Un accidente… otra vez

Rubén Jiménez

Hay parejas que a base de accidentes se han sacado el carnet de familia numerosa. Y el Madrid va por ese camino. Lo del Cádiz fue un accidente. Lo del Shakhtar otro. Lo de Mestalla, muy mala suerte. Pero todos conocemos a ese compañero de trabajo que, se siente donde se siente, trabaja lento por culpa del ordenador. A ese estudiante que, sea la asignatura que sea, suspende porque le ha caído en el examen justo el tema que peor llevaba preparado. A ese equipo que ya no es el mismo de antes y tiene ‘accidentes’ cada vez con más frecuencia.

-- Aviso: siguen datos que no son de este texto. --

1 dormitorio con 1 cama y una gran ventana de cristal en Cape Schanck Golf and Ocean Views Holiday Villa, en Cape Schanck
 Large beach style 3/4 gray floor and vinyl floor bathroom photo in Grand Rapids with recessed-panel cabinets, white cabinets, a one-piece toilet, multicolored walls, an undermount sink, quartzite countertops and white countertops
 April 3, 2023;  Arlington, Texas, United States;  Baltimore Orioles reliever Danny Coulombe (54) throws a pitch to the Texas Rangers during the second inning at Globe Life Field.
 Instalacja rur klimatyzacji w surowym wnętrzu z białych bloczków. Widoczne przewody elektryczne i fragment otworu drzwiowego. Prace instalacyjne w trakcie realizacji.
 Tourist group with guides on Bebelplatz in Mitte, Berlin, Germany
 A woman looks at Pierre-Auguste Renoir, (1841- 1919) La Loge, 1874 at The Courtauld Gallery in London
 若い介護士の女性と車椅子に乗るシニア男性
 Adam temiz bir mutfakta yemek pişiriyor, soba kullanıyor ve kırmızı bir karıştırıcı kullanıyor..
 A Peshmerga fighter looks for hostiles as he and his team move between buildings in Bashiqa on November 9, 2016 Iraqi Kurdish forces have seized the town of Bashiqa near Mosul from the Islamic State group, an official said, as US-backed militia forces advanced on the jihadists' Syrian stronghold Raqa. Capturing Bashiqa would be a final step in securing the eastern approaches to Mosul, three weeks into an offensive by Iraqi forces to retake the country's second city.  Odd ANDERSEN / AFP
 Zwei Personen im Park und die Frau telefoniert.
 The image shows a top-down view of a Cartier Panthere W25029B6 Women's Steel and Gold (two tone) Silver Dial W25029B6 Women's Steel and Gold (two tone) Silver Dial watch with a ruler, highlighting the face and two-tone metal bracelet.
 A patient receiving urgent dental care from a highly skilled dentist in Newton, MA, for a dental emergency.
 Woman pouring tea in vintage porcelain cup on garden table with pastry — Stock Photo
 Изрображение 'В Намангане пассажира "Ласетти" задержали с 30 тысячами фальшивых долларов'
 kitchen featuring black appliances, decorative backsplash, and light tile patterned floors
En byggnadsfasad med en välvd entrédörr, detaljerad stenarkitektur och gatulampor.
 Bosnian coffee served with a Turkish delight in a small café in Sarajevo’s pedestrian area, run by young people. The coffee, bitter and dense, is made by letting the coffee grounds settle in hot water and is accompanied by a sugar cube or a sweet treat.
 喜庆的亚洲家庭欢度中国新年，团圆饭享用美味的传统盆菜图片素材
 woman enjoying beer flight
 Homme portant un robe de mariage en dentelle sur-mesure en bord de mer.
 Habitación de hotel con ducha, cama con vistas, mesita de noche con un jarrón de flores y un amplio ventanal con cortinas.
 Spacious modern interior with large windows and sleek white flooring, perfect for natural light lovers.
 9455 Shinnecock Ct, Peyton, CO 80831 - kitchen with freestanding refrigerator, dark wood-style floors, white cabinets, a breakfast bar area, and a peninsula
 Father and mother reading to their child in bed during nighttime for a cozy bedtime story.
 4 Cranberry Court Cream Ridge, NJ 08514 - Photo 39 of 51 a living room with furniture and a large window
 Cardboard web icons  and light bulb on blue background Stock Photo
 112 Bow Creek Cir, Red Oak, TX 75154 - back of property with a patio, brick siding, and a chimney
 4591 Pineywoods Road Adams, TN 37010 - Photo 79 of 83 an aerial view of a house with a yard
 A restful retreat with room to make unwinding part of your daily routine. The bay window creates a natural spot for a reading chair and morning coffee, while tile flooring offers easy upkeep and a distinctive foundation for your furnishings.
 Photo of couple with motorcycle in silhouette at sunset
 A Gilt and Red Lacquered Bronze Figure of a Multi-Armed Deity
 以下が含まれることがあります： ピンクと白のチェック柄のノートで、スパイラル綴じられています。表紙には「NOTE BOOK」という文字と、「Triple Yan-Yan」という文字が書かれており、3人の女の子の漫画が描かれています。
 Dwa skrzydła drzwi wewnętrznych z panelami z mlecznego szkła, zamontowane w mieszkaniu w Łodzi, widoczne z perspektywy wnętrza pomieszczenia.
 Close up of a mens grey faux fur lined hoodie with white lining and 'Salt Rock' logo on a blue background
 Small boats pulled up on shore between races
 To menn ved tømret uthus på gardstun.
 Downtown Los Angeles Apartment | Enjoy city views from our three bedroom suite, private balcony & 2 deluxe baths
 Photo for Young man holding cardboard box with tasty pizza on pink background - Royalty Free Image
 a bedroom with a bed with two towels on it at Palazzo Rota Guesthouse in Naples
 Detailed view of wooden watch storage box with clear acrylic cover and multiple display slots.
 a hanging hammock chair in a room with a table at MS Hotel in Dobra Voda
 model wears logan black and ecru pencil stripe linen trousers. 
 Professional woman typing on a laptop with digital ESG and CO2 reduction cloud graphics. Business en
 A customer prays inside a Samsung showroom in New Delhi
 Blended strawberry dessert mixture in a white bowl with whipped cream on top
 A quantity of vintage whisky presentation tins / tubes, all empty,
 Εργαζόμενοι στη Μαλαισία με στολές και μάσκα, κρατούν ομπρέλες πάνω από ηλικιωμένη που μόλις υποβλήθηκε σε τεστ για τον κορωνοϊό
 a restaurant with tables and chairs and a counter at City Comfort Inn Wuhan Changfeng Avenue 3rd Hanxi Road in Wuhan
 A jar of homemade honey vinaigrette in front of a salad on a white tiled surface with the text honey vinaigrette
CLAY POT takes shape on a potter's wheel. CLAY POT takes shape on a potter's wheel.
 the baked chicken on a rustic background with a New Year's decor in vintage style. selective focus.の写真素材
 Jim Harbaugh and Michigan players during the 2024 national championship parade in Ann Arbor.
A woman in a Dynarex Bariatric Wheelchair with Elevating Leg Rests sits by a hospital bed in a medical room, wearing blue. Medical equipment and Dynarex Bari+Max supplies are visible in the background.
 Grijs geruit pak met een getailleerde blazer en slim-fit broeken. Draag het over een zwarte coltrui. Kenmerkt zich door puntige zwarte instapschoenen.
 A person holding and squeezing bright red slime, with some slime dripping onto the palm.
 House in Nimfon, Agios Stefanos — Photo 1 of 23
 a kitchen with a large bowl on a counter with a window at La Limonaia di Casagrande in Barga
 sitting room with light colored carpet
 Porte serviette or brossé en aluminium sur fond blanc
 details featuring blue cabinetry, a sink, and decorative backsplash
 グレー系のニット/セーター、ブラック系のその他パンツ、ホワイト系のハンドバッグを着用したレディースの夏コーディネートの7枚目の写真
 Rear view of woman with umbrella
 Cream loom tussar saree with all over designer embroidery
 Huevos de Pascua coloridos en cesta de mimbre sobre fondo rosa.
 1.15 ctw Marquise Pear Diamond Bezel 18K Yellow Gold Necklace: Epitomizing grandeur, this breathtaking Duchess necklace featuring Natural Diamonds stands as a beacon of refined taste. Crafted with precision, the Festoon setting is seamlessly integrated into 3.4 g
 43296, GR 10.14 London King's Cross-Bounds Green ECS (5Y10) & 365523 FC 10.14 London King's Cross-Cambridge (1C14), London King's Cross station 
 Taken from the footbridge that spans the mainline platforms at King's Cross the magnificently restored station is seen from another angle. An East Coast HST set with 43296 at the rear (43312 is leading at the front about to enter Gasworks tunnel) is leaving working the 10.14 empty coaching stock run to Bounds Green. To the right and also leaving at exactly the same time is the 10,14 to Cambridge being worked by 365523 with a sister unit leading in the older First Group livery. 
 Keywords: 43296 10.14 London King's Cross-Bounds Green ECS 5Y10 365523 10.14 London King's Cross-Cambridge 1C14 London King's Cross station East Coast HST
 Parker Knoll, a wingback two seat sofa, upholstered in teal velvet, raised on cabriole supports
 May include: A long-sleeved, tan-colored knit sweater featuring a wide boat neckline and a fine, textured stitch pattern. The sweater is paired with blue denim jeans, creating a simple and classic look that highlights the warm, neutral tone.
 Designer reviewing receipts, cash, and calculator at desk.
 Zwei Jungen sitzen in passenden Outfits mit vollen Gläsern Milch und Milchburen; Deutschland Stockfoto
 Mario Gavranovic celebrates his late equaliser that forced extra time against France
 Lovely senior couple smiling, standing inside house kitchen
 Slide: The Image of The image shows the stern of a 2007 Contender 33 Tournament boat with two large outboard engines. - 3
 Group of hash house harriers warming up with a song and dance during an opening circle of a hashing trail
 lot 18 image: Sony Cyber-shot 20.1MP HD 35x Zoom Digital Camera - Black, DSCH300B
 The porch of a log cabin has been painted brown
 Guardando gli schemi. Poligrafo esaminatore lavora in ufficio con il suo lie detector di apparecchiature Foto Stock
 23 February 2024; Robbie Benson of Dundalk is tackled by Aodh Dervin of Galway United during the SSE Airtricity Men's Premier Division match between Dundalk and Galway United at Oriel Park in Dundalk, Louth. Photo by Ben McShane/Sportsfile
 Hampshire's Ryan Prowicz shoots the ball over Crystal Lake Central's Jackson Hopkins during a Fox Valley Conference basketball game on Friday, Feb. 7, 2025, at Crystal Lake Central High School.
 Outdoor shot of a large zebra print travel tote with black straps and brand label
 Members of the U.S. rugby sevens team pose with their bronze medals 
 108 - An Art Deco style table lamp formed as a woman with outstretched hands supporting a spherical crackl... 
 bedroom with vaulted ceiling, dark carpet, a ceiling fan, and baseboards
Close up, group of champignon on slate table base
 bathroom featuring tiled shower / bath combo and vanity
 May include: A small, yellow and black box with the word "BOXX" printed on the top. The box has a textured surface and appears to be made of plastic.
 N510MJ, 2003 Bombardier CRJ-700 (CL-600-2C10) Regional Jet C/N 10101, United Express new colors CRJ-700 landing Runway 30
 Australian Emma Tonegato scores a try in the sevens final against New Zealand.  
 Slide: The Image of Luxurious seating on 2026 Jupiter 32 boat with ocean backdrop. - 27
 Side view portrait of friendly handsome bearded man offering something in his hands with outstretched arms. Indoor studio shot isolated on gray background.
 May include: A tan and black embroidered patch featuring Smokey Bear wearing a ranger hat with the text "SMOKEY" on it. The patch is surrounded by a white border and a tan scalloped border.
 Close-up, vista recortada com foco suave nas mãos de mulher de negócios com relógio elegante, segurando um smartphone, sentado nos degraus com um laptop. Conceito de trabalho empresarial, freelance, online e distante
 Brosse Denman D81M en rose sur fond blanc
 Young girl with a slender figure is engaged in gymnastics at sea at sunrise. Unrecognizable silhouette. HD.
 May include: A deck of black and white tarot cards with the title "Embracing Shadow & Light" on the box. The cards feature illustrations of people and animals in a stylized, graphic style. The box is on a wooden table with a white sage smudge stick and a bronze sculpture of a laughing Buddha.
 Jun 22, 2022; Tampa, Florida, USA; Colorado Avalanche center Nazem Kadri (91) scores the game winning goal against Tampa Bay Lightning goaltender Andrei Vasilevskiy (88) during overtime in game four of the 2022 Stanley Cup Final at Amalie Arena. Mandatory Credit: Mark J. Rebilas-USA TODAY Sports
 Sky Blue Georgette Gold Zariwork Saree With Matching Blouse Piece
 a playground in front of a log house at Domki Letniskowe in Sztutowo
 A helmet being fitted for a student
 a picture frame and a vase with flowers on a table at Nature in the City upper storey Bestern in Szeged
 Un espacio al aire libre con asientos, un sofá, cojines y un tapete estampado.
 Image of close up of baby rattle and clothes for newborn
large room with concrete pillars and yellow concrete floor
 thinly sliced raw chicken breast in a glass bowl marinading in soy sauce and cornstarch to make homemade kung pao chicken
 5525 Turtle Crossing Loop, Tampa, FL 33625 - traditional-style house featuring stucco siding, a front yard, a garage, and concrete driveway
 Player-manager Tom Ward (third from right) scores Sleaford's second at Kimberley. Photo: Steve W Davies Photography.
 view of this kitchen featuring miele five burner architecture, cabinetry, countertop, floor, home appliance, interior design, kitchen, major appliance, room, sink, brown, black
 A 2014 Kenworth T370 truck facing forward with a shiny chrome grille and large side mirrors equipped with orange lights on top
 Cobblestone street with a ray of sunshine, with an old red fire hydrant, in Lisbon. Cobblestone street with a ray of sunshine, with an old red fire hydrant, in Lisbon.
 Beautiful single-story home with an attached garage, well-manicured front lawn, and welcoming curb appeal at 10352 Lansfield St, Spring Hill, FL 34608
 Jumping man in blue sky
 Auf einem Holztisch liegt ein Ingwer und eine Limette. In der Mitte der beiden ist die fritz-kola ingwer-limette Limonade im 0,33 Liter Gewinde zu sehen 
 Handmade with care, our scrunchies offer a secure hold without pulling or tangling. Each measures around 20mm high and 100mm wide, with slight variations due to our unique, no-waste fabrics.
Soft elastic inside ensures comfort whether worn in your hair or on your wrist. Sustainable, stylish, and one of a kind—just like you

No se pueden jugar todos los partidos como si fueran la final de la Champions, pero el rival se tiene que creer que sí. Y hay alineaciones que le hacen pensar al otro equipo que estás en modo ‘Copa de Primavera’. Al Real Madrid le faltaban en Mestalla tres jugadores que serían titulares si mañana se jugase un título, Carvajal, Casemiro y Hazard, y Zidane dejó a otros dos fuera, Kroos y Mendy. Un mensaje inequívoco de que el entrenador no veía lo de Valencia como un compromiso que fuese a exigir lo mejor de su equipo. Y eso los rivales lo saben leer.

Y el Valencia, que ahora mismo es un equipo sediento, que va por la calle mirando en el cajetín de todas las cabinas de teléfono buscando unos céntimos, se encontró billetes a puñados. La primera media hora del Madrid fue impecable, con Marcelo atacando, Isco dando buenos pases, Modric y Valverde asfixiando a los de Javi Gracia elevando la línea de presión y robando muy arriba, Asensio probando el disparo de lejos, Vinícius tomando buenas decisiones… Más que un partido parecía una confesión, esperando la absolución a todos los pecados pasados.

Pero llegó el 0-1 y al santo Madrid le salieron otra vez cuernos y rabo. Cuando Lucas saltó con el brazo despegado del cuerpo, cometiendo una infracción grave en el código de los laterales y perdiendo puntos del carnet, cuando Courtois paró el penalti y no sirvió de nada, cuando Varane despejó hacia su propia portería y el radar del VAR le cazó, el equipo tiró el mando contra la tele y dijo aquello de “es que esto no funciona, está trucado, el juego lo hacen así para que no ganes”.

La cifras de goles encajados y de goles anotados ya no son accidentes. Son síntomas claros de que algo no funciona. Zidane ya no tiene el equipo que tenía. En el fondo le entiendo, porque cuesta hacerse a la idea. Yo era de los que usaba un lápiz en el colegio hasta que sólo podía manejarlo con dos dedos. Mi madre me compraba lápices nuevos, pero yo seguía con el mismo, aunque fuese imposible escribir así al ritmo que la clase exigía. Y cuando me cambié al boli y dejaba de escribir era capaz de echarle el aliento a la punta durante minutos y de destrozar la tapa del cuaderno intentando revivirlo. Hay que hacerse a la idea, Zizou. La mina del lápiz, la tinta del boli, el fútbol de los jugadores. Todo se agota.